TASK PROMPT - Leave every image out, and print the remaining lines below exactly.

[[ DATA FOR PROCESSING, beginning ]]

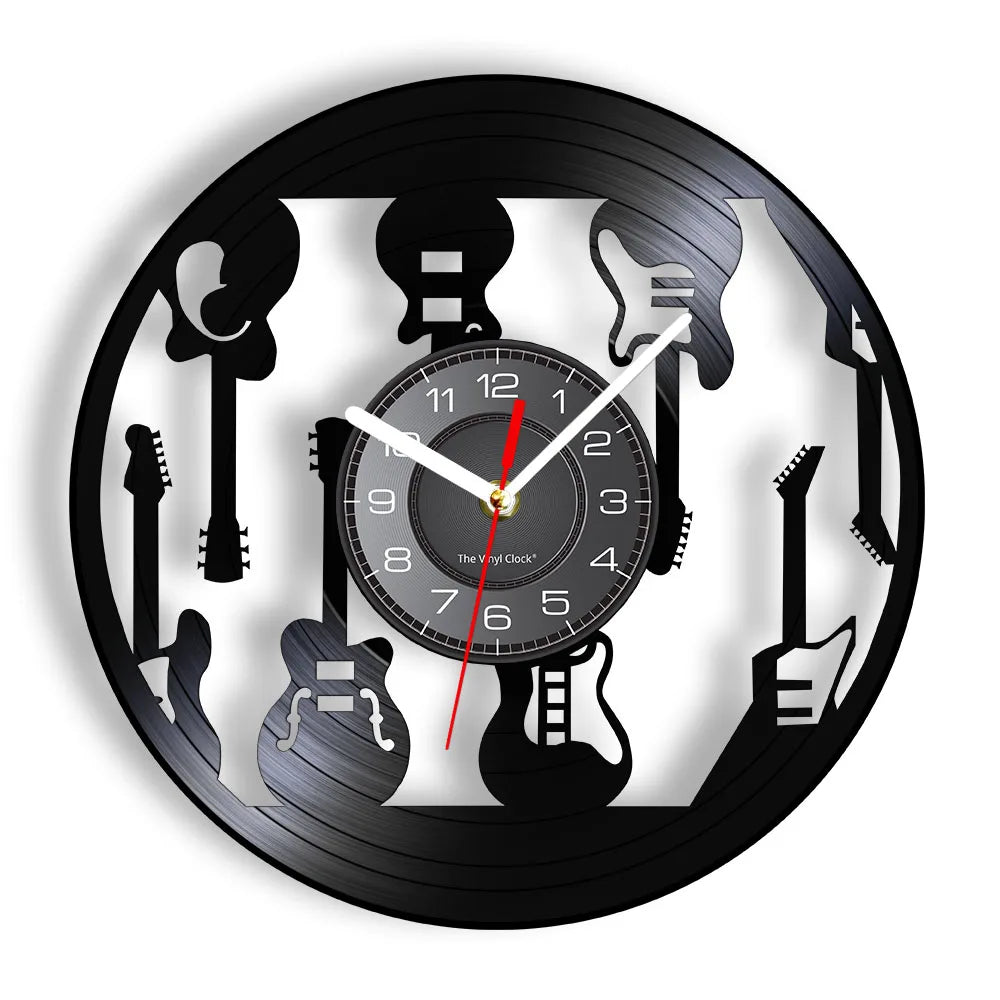 Guitar and Drum Kits Wall Clock Guitar Player Music Vinyl Record Clock Rock Music Instrument Guitar Wall Art Rock n Rock Gift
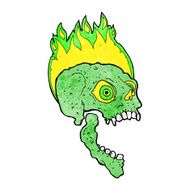 cartoon scary skull N18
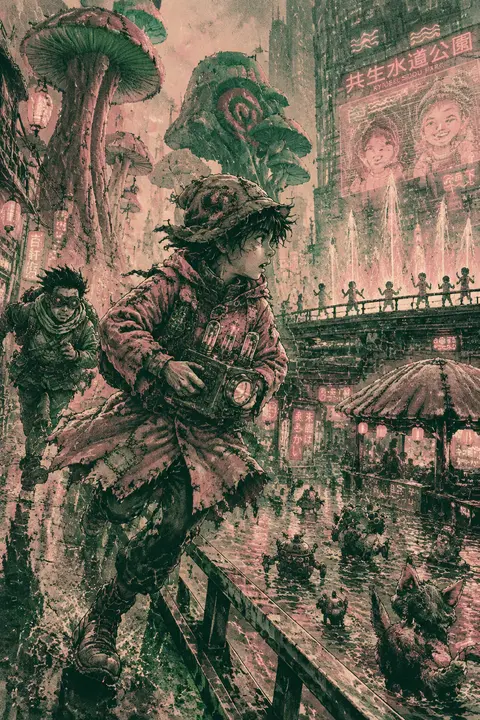 A young tinkering inventor in a soaked patchwork rain smock sprints along an ele - AI生成图片 4
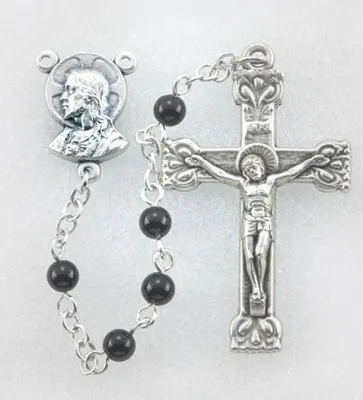 Onyx Bead Gemstone Rosary 4mm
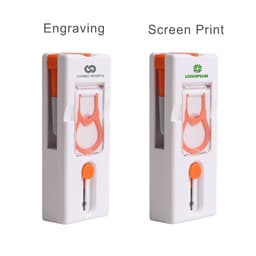 A cleaning kit with a white body and orange accents, featuring engraving and screen print options. It includes multiple cleaning tools.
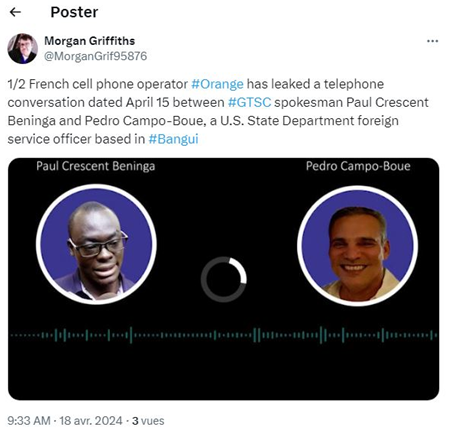 La fuite d'une conversation téléphonique entre un activiste centrafricain et un fonctionnaire du département d'État des États-Unis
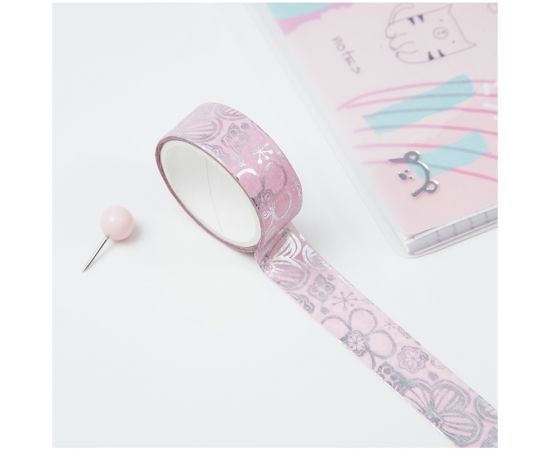 Клейкая лента декоративная MESHU "Pink elegance", 1,5см*3м MS_36869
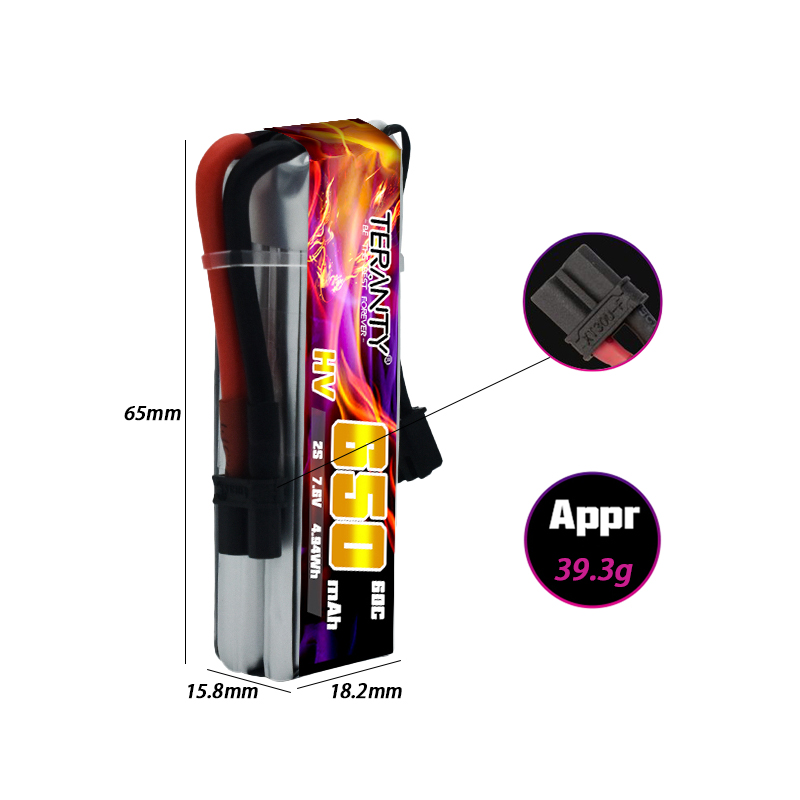 2/4/6/10PCS TERANTY 650mAh 2S  - Drone Racing Battery recension och pris
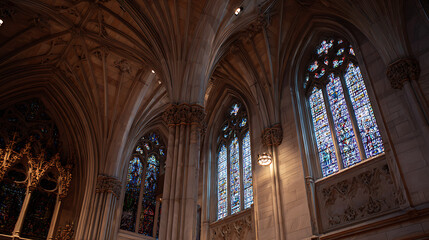 Naklejka premium Ornate Gothic Vaulted Ceiling With Stained Glass Windows architecture interior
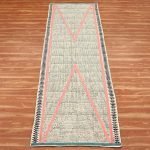 Handmade Block Printed Blue Pink Jute Rug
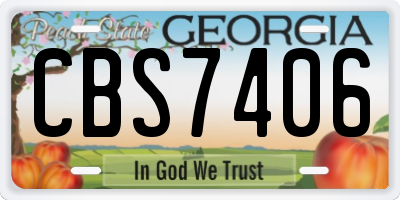 GA license plate CBS7406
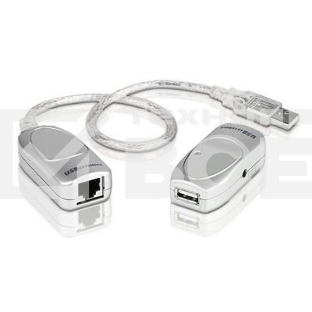 Кабель удлинитель USB 1.1 AM/AF Aten UCE60-AT до 60 метр.(через RJ45, по витой паре. Без патч-корда в комплекте), питание от шины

[[ DATA FOR PROCESSING, end ]]

OUTPUT FOR THIS TASK -
 Guitar and Drum Kits Wall Clock Guitar Player Music Vinyl Record Clock Rock Music Instrument Guitar Wall Art Rock n Rock Gift
 cartoon scary skull N18
 A young tinkering inventor in a soaked patchwork rain smock sprints along an ele - AI生成图片 4
 Onyx Bead Gemstone Rosary 4mm
 A cleaning kit with a white body and orange accents, featuring engraving and screen print options. It includes multiple cleaning tools.
 La fuite d'une conversation téléphonique entre un activiste centrafricain et un fonctionnaire du département d'État des États-Unis
 Клейкая лента декоративная MESHU "Pink elegance", 1,5см*3м MS_36869
 2/4/6/10PCS TERANTY 650mAh 2S  - Drone Racing Battery recension och pris
 Naklejka premium Ornate Gothic Vaulted Ceiling With Stained Glass Windows architecture interior
 Handmade Block Printed Blue Pink Jute Rug
 GA license plate CBS7406
 Кабель удлинитель USB 1.1 AM/AF Aten UCE60-AT до 60 метр.(через RJ45, по витой паре. Без патч-корда в комплекте), питание от шины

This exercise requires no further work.